*TASK INSTRUCTIONS*: An exact repetition of the records is required. Leave nothing out.

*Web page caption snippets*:
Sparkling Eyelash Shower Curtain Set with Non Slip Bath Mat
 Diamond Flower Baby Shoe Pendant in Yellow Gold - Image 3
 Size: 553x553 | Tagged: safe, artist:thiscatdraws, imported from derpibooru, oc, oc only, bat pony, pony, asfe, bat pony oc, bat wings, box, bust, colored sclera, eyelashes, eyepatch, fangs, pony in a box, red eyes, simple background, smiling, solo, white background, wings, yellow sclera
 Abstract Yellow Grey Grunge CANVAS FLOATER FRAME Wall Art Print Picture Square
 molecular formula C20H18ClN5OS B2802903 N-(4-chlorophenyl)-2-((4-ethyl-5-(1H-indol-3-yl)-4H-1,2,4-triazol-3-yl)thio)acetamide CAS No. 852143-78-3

*OUTPUT FOR THIS EXERCISE*:
Sparkling Eyelash Shower Curtain Set with Non Slip Bath Mat
 Diamond Flower Baby Shoe Pendant in Yellow Gold - Image 3
 Size: 553x553 | Tagged: safe, artist:thiscatdraws, imported from derpibooru, oc, oc only, bat pony, pony, asfe, bat pony oc, bat wings, box, bust, colored sclera, eyelashes, eyepatch, fangs, pony in a box, red eyes, simple background, smiling, solo, white background, wings, yellow sclera
 Abstract Yellow Grey Grunge CANVAS FLOATER FRAME Wall Art Print Picture Square
 molecular formula C20H18ClN5OS B2802903 N-(4-chlorophenyl)-2-((4-ethyl-5-(1H-indol-3-yl)-4H-1,2,4-triazol-3-yl)thio)acetamide CAS No. 852143-78-3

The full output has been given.